All of this reporting should be supplemented with alerting. In Splunk take this search and create a saved search from it. On the Schedule and Alert tab (assuming you used the pop-up), have it run on a schedule every five minutes. Then specify that it should alert when the number of events is greater than 20, and enter your email address, or better yet your SMS email address. You may also want it to send the events, it will do this as a CSV file, but be cautions, because if someone is trying to break into your site, this file could get large.

This concludes the article. If you tried out using this and made your own tweaks, leave a comment, you may be helping out someone else. And as always, if you liked/hated/questions this article, constructive comments are always welcome.

Happy Splunking.

Thursday, December 04, 2008

Log Analytics: Splunk

Sure, I use logs to troubleshoot problems, but I never gave it much thought as an analytics device since the rise of JavaScript based traffic analysis tools like Omniture and Google Analytics. I must say that I have sorely underestimated the power of logging.

I say this because of a tool that I have begun using called Splunk. If I had to characterize Splunk, I would say that it is a data analysis tool, with the ability to generate reports and alerts based on events.

The data could be an Apache log file, the output of the PS command, or a configuration file that you need to watch for changes. Input sources can come via file, via TCP/UDP port, and other mechanism.

The analysis of the data is done via a search, but the language is quite complex. The search allows you to target a specific data source, or class of sources (like all of your access logs), extract fields from the log entries using a regex (or just split key/val pairs), transform the data, and them chart it as a line, pie, bar, or other type of chart.

Here are some specific examples of what I have been doing with it.

Response Times - With a little aspect, I was able to wrap all of my controller methods (and some repository methods too), and have them dump response time data to a file. The data looks like this.

app=my-app;class=org.example.Demo;method=doSearch;response=348
app=my-app;class=org.example.Demo;method=doSearch;response=654
app=my-app;class=org.example.Demo;method=doSearch;response=439

All of this data is logged using commons-logging, and put into a separate performance.log file to separate it out from other logging.
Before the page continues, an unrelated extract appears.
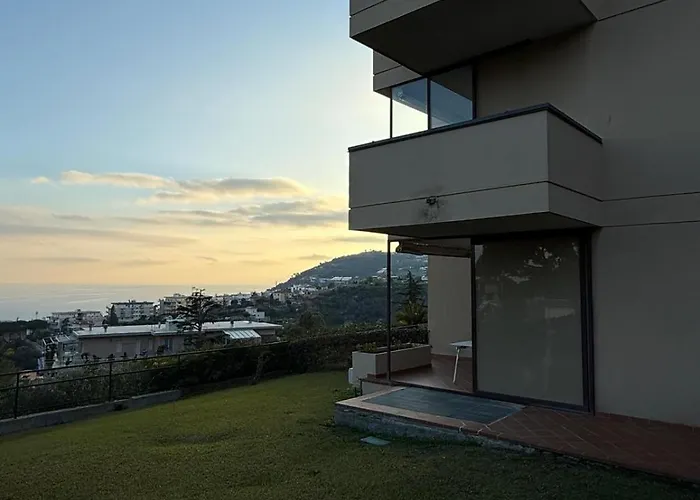 Bilocale Vista Mare Con Giardino Privato E Piscina *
The result is that I can create a search for any class/method, and generate a chart of min/avg/max response times for that method. This allows me to spot any degradation that might occur over time (as the DB gets larger), or during certain parts of the day (when the network is congested). I can then set up an alert so that if the response times exceed a threshold, Splunk will send me an email (or execute a script).

Change Control - Simply put, I can have Splunk monitor a configuration file, and it will log any changes to that file. I can then use Splunk's diff command to see the actual change. Again, I can have it email me when a change occurs.

Service Unavailability - Because all of my Java application servers sit behind an Apache proxy, I can monitor the Apache logs and look for proxy errors (501, 503, 504). Splunk is able to alert me when these events occur because it can parse the logs and look specifically for these error codes. With Apache specifically this is super each because Splunk already knows how to parse an Apache log using a standard format. This can be more effective that monitoring that uses polling because polling will only let you know if the service is done when the polling occurred, when Splunk can alert me even if only a single hit against the site caused a proxy error.

There is much more to Splunk, and I still have much to learn, but I hope this helps provide some insight as to its capabilities.